Gladstonian Liberalism

Gladstonian Liberalism is a political doctrine named after the British Victorian Prime Minister and leader of the Liberal Party, William Ewart Gladstone. Gladstonian Liberalism consisted of limited government expenditure and low taxation whilst making sure government had balanced budgets. Gladstonian Liberalism also emphasised free trade, little government intervention in the economy and equality of opportunity through institutional reform. It is referred to as Classical Liberalism or Laissez Faire liberalism in the UK.

Gladstonian financial rectitude had a partial lasting impact on British politics and the historian John Vincent contends that under Lord Salisbury's premiership, he "left Britain's low tax, low cost, low growth economy, with its Gladstonian finance and its free trade dogmas, and no conscript army, exactly as he had found it...Salisbury reigned, but Gladstone ruled."[1]

However in the early twentieth-century the Liberal Party began to move away from Gladstonian Liberalism and instead developed new policies based on New Liberalism (or what Gladstone called "constructionism"). The Liberal government of 1906-1914 is noted for its social reforms and these included old age pensions and National Insurance. Taxation and public expenditure was also increased and New Liberal ideas led to David Lloyd George's People's Budget of 1909-10.

The first Labour Chancellor of the Exchequer, Philip Snowden, had Gladstonian Liberal economic views. This was demonstrated in his first Budget in 1924; government expenditure was curtailed, taxes were lowered and duties on tea, coffee, cocoa and sugar were reduced.

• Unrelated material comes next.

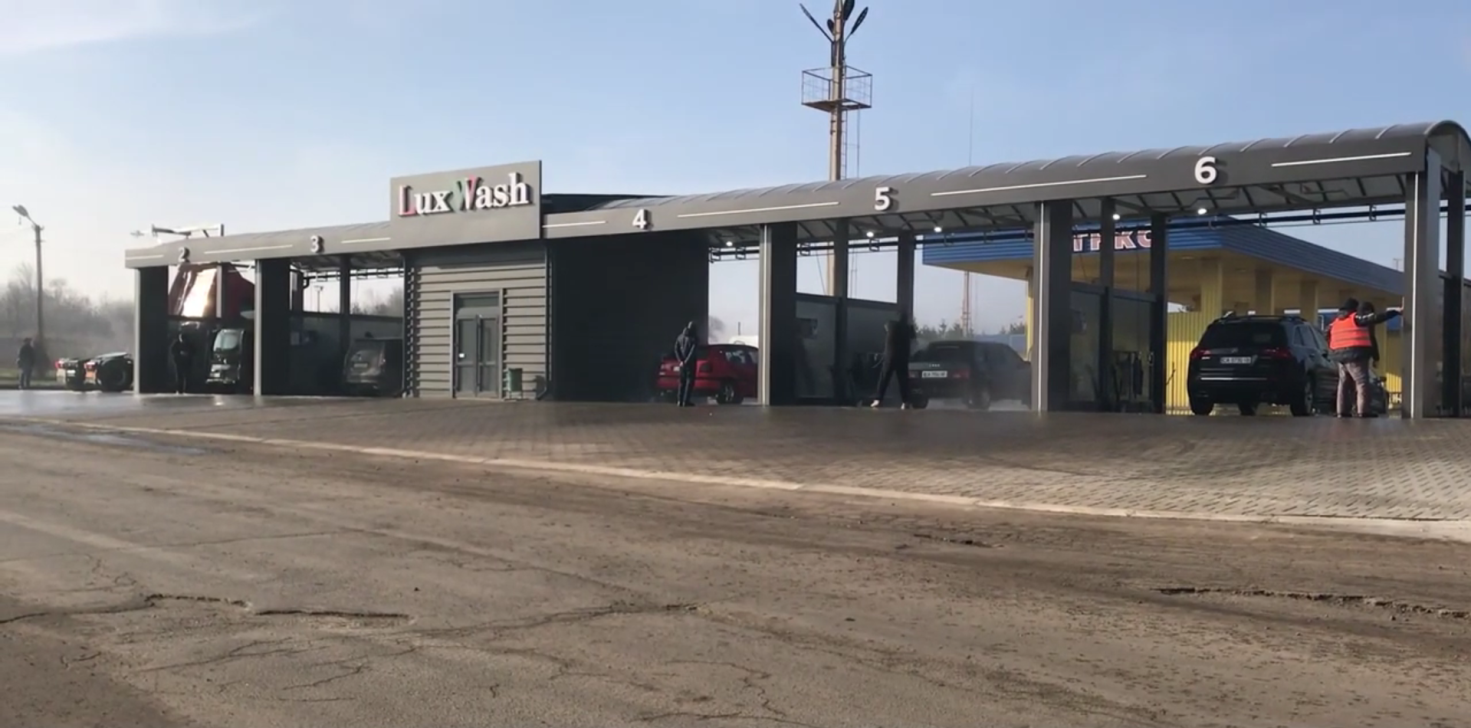 Метал &mdash; доступний матеріал для будівництва відкритої автомобільної мийки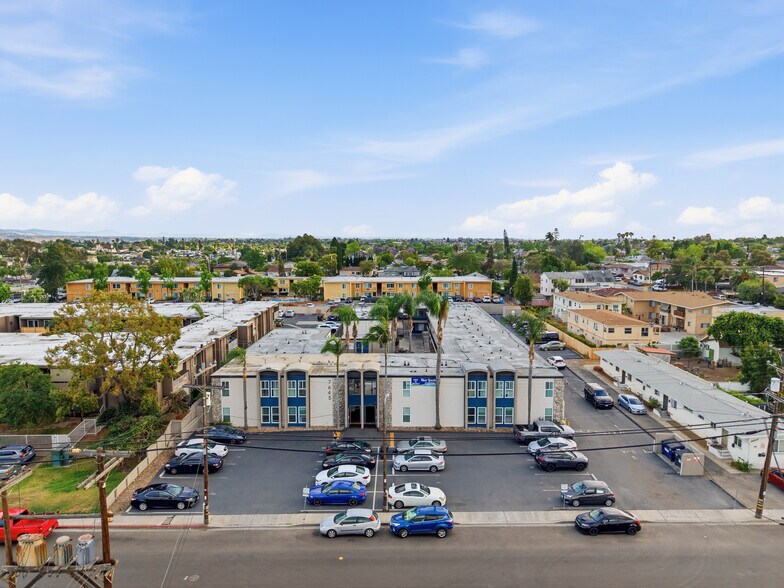 7645 Pacific Ave, Lemon Grove, CA à vendre - Photo de l’immeuble – Image 2 sur 18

A. J. P. Taylor has written that this budget "would have delighted the heart of Gladstone."[2] Ernest Bevin remarked upon becoming Minister of Labour in 1940: "They say that Gladstone was at the Treasury from 1860 to 1930".

Notes

  1. ^ John Vincent, 'Reigning not ruling', The Spectator, 24 July, 1999.
  2. ^ A. J. P. Taylor, English History, 1914-1945 (OUP, 1990), p. 212.